Will be extremely thankful and appreciate of your help to respond to following queries,

1) For my PAR Evaluation, Is there any way to possibly request for Review with additional details and/or information for possible 9 (Masters Degree) level to attain more points?

2) For my wife, since she has got 2 years Bachelors degree and she was eligible for 2 years Bachelors degree only after having completed 3 years graduate diploma in Nursing (her Bachelors degree is called Post RN BScN), however, I am really worried for God Forbid her evaluation at Level 6 considering my case that evaluation is possibly provided one level down.
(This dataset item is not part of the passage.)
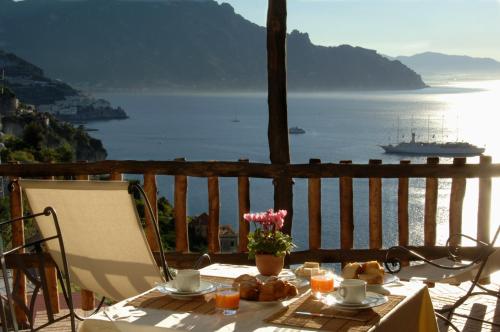 a table with food and a view of the water at Villa Alba d'Oro - Historic luxury villa in Amalfi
I wish I may be absolutely wrong on this personal assessment. 

Will appreciate any feedback and/or assessment to get an idea.

Thanks a million for your response and time.

Take Care.


----------



## escapedtonz (Apr 6, 2012)

aamirrehman said:


> Hi Friends,
> 
> I got my PAR Assessment few days back. I have got BS (Computer Science) - 4 years degree followed by MS (Computer Science) - 1 year. I got the PAR assessment for my "Master of Science in the Faculty of Computer Sciences" being 1 year program to be at Level 8 on the New Zealand Qualification Framework.
> 
> ...


Hi aamirrehman,

Sorry but I wouldn't even know where to start with your questions.
I'd be surprised if there's anyone here who could help but nevertheless you could strike lucky if someone else has been through the same situation.
Have you discussed with NZQA and sought advice from them ?


----------